TRY IT
Would you copy only the lines below, from the one containing "YOULY Crown Pet Hoodie" through the very last one, leaving the pictures out?

RECORDS TO PROCESS
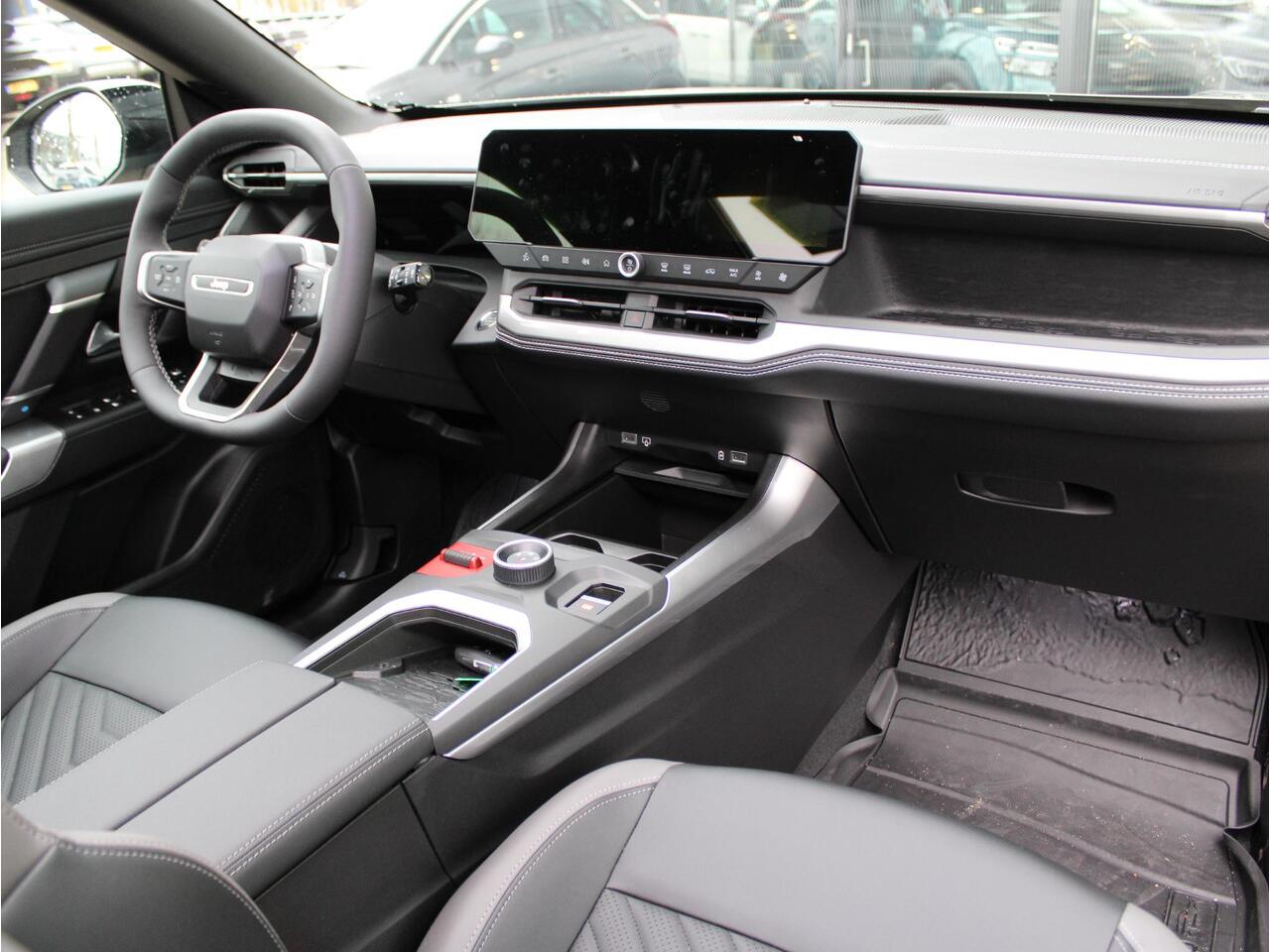Jeep COMPASS First Edition 74 kWh NU TE BESTELLEN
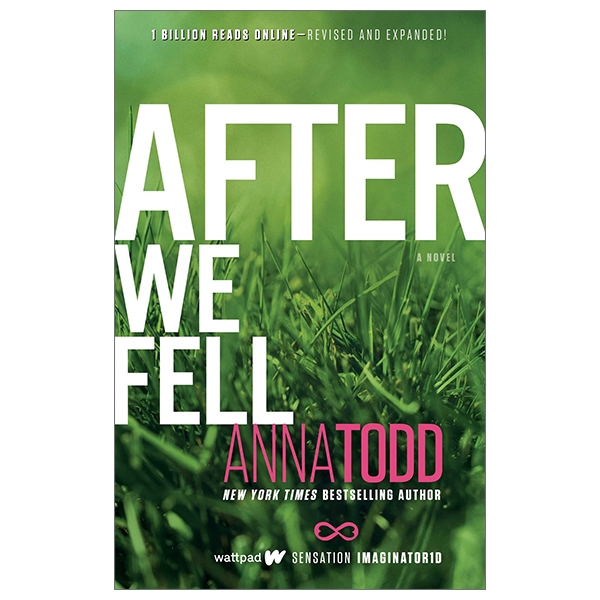 Sách - After We Fell (The After Series Book 3)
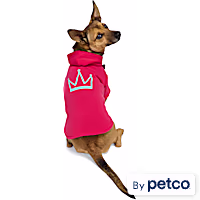 YOULY Crown Pet Hoodie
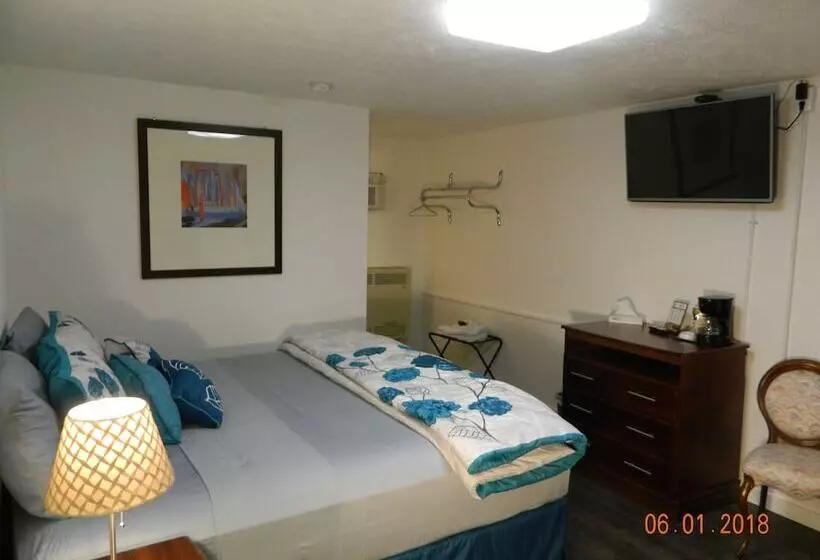 Motelli Lake Land Inn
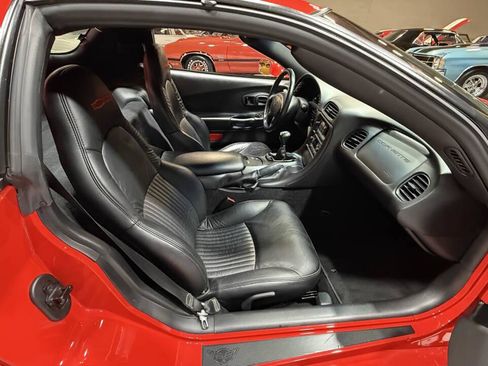 Used 2003 Chevrolet Corvette Z06 w/ Memory Package, 3 Drivers image 4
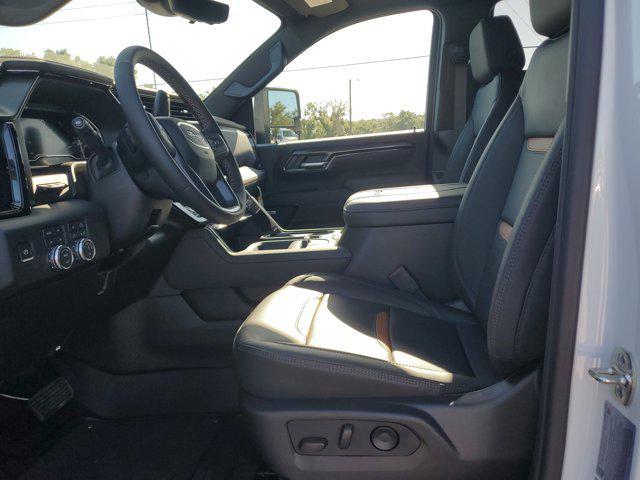 new 2025 GMC Sierra 2500 car, priced at $78,493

RESPONSE AREA
 YOULY Crown Pet Hoodie
 Motelli Lake Land Inn
 Used 2003 Chevrolet Corvette Z06 w/ Memory Package, 3 Drivers image 4
 new 2025 GMC Sierra 2500 car, priced at $78,493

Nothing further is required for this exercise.